Students lead BOG protest

Students are staging a protest today on the steps of Lee Hall at 11 a.m. to stop FAMU from being considered as one of six Florida colleges and universities that could be changed into an institution that only grants four-year degrees.

“The Takeover Pt. II” is the name of the protest led by student Amir Shabazz, 21, a junior philosophy student from Fort Myers.

Shabazz said he was moved to action after reading an article about a Pappas Consulting Group report for the Florida Board of Governors that listed FAMU as one of the universities considered for changes under the state’s higher education proposal.

The Jan. 15 report listed FAMU and five other schools as “natural choices to form the foundation of the new state college system.”

In an April 5 Diverse Online article titled “FAMU Among Florida Colleges Targeted by Report for Massive Changes,” writer Blair S. Walker said the proposal could dramatically transform FAMU, which is renowned for its pharmacy school and MBA program.

“The issue is more from the state level,” Shabazz said. “We will address the Florida Board of Governors, who has influenced the SUS (State University System of Florida) and do not act in the best interest of the students.” He also said the University Board of Trustees does not adequately operate as the voice of the students and the faculty.

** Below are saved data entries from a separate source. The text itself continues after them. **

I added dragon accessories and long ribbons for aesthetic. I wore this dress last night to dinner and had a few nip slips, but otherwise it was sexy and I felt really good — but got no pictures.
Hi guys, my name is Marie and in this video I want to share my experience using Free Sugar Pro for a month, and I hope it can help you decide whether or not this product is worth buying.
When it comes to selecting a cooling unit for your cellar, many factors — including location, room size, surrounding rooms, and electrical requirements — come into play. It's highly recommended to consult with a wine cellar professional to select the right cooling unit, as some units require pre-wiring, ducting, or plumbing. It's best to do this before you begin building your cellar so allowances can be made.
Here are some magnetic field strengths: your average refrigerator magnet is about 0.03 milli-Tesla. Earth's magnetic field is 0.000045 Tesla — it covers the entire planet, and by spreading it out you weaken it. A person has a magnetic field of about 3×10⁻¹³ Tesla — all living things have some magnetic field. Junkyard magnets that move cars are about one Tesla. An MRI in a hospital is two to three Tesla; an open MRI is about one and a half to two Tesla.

“This is a walk-out protest,” Shabazz said. “The reason I chose the protest at Lee Hall is because this marks the anniversary of the protest held April 10, 1996 where students addressed problems at the University.”

Shabazz and other students have worked since Monday, passing out flyers around campus to urge their peers to show up to protest wearing red T-shirts.

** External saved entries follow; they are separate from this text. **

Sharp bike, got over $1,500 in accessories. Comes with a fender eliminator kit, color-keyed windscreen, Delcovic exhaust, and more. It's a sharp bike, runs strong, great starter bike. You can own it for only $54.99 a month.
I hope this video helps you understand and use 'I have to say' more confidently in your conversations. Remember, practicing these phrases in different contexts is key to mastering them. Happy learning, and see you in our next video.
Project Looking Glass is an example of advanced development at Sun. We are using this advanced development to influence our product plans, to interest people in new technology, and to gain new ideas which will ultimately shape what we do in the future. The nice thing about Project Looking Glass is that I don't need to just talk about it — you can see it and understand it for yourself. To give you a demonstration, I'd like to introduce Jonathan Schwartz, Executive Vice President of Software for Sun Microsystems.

“The red T-shirts are for solidarity, and the red represents fire and passion for the University,” Shabazz said. “I have talked to a lot of students that showed interest and concern about the state of FAMU.”

Jamaal Fields, a fellow protester and organizer from Philadelphia, said, “If we get the students aware of the issue, then they’ll want to change it.”

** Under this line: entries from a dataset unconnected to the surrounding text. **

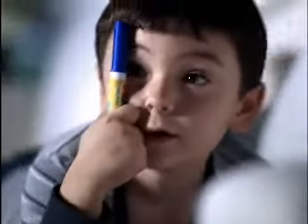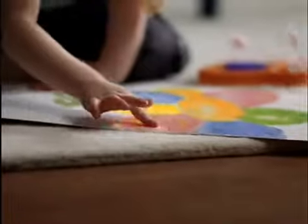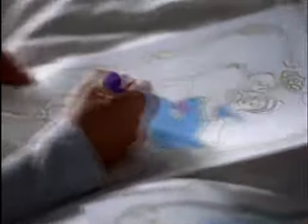Now with Crayola Color Wonder, kids can create whatever they want, wherever they please. The color only appears on Color Wonder paper, so you can trust your kids with markers, finger paint, even glitter.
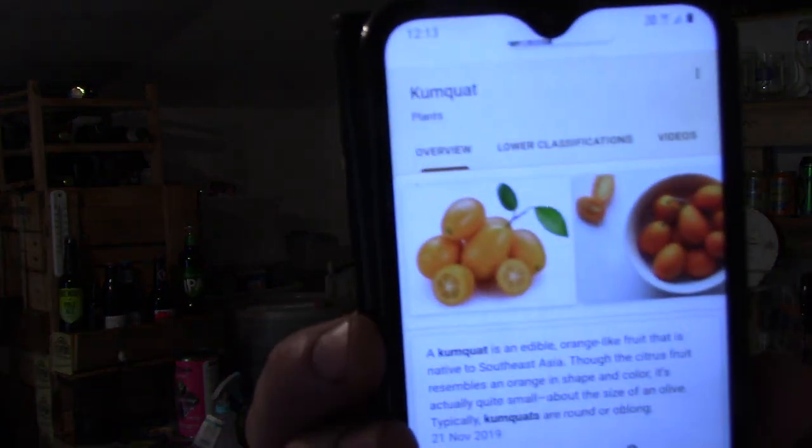What the bloody hell is kumquat? Kumquat is an edible orange-like fruit that is native to Southeast Asia. I knew I could taste orange! The citrus fruit resembles an orange in shape and colour, but it's actually quite small - about the size of an olive. Kumquat is round or oblong. Someone's put underneath 'what the heck is a kumquat?' - well, there you can see. That's a kumquat. You learn something new every day.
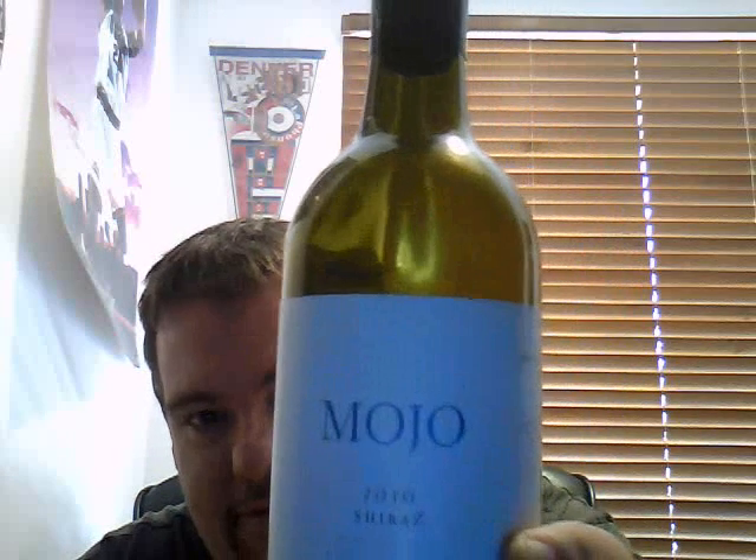One other thing I was going to mention — totally off the subject of cards — last night over dinner the wife and I had a nice bottle of red that I picked out about two months ago. I just thought I'd show you the label. It's really cool: Mojo 2010 Shiraz. I don't normally talk about wine but it was quite a nice drop. I drink Mojo!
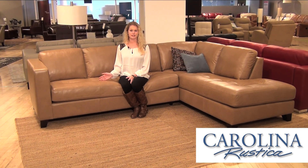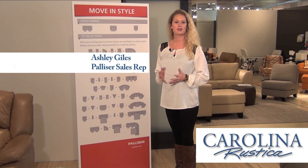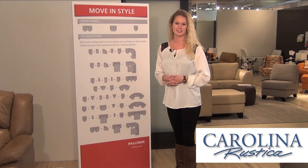High resiliency foam seating makes this a very comfortable sectional. Palliser's move-in style gives you the ability to choose from a simple sofa, loveseat, or a sectional. You have 15 different pieces that can be combined to build a sectional that fits your lifestyle.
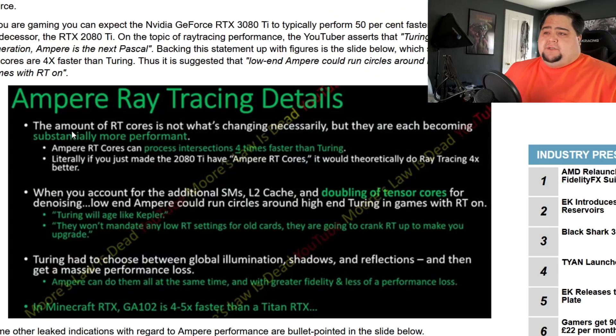We've also got some other information concerning ray tracing performance, which has been leaking out over the past week. These cards are going to be incredible for ray tracing. There was even an early leak saying there would be no performance impact with ray tracing, which is definitely BS — but it does sound like they're going to be much, much better, actually four times better than Turing. The amount of RT cores is not necessarily what is changing, but each core is becoming substantially more performant. Ampere RT cores can process intersections four times faster than Turing, so if you just gave a 2080 Ti Ampere's RT cores, it would theoretically do ray tracing four times faster.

Fields, 21, a third-year business student, said, “It’s an awareness thing. I think if we can just get out there and show the students that we are standing up for the school, they will, too.”

The organizers said they plan to attack the problems instead of making personal attacks on individuals.

“FAMU’s problem is lack of good leadership from all levels,” Shabazz said. “Basically, I see the protest as a history lesson. It’s going to constantly be that until we address the issues and hold the state responsible, and our selected leaders must do the job that they are in place to do by being the voice of the people.”

Shabazz said some students are concerned that by exposing the issues, the state will have more of a reason to target the school.

“The state is responsible for the problems the University is facing,” he said. “The state placed elected officials in office that don’t represent the people but who sweep matters under the rug.”